I purchased this cute little Simplex off e-Bay in 2002 for around $40. I had no
idea the radio was so small until it showed up. The radio is constructed completely
of birdseye maple, with some sections toned and a nice dividing line of marquetry
inlay. The main fault of the radio case was a cigarette burn on the top, and a
flaking finish. The radio was also missing a knob. The radio, as found,
is at the left. I had already managed to come up with a knob, so the radio just
needed to be refinished at this point.
As you can see in the picture above, much of the toned lacquer on the radio
was in bad shape and is coming off. To the right, you can see the detail
of the burn on the top of the radio.
Burn on top
I removed the chassis and other hardware from the cabinet, and then began to strip
it. As always, I used Parks Refinisher and 000 steel wool to remove the old finish.
Because the finish was so far gone, it did not take much effort.
The picture to the left shows the stripped case. The entire body of the case is birdseye
maple, with the trim and inlay being other woods.

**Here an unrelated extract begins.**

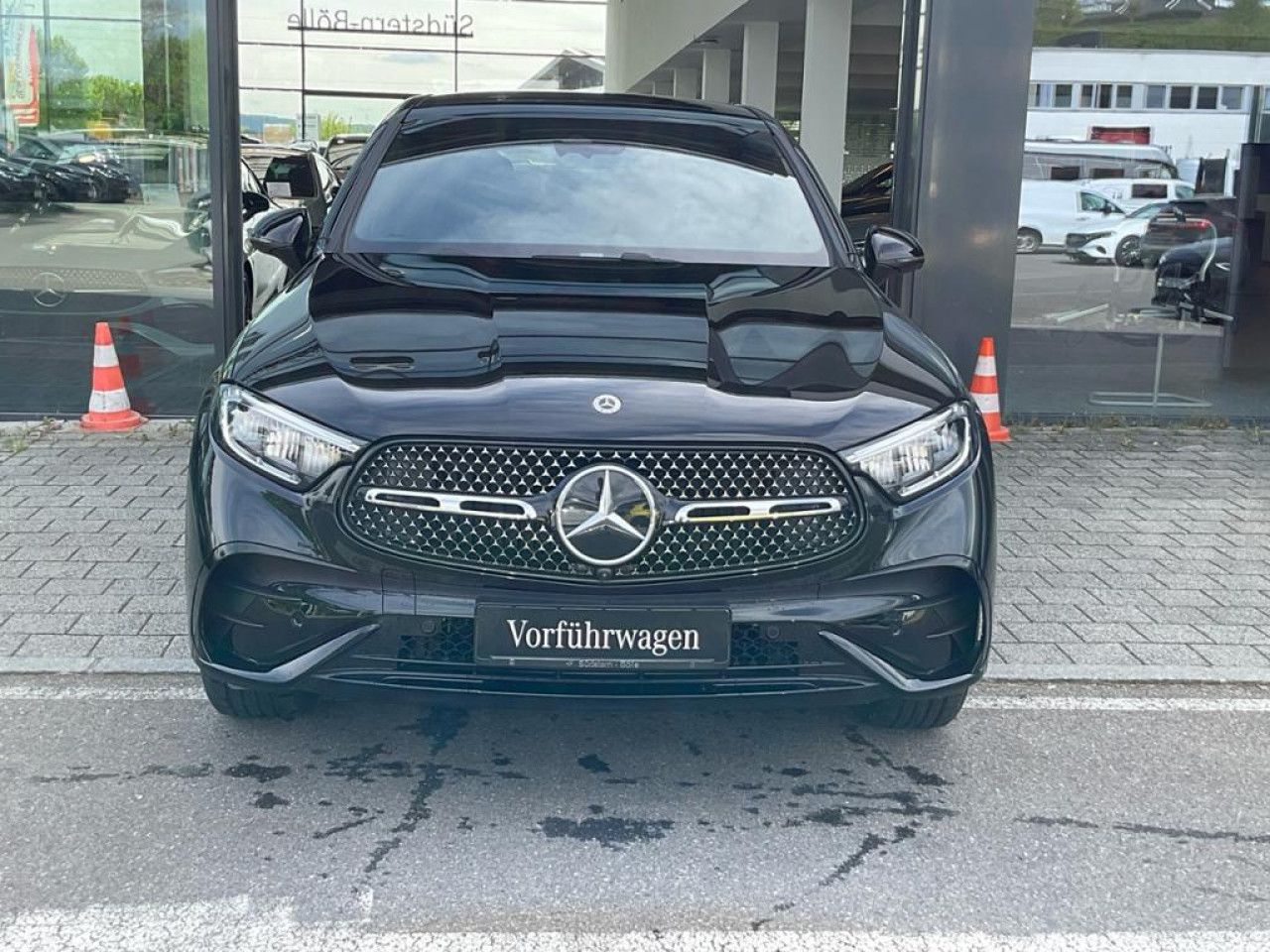 Mercedes-Benz GLC – Bild 4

I sanded down the burned area, and was able to get rid of most of the damage without
going so far into the veneer that the case would look weird. I also bleached
out the area to remove as much darkness from the wood as I could. Not being
real familiar with maple, I went ahead and grain-filled the case, even though
the maple didn't appear to be an open-grained wood. The wood took a little of
the filler, but not nearly as much as walnut or oak would.
The photo on the right shows the case being toned. The areas that were
supposed to be darker brown were carefully masked off and sprayed with my last
can of Behlen Brown (why, oh why, did they discontinue this color?). It
took about 20 minutes to tape off the case, and about 2 to tone it, but that's
the way it usually works. Once the lacquer was dry, I removed the tape and
lightly steel wooled the toner, so that there were no ridges between it and
the rest of the case. Then the case got several coats of clear laquer.
The photo to the left shows the finished radio with the grille cloth installed,
escutcheon re-attached, and the chassis installed with knobs. Click on the
photo for a larger image. This radio turned out really well. I didn't have
to work real hard on rubbing out the finish, because the maple was a very closed-grain
wood. A very light rub out and polish with wax was about all this radio needed.
Fixed burn area
As for the burn area, the photo to the right shows that area after the radio
has been refinished. There is still a slight discoloration in that area,
but instead of looking like a burn, it looks like a normal variation in the
maple. If you didn't know it was there before, you'd never notice it now.
All in all, this project turned out well, and this is a beautiful little
radio which will be a stand out in my collection!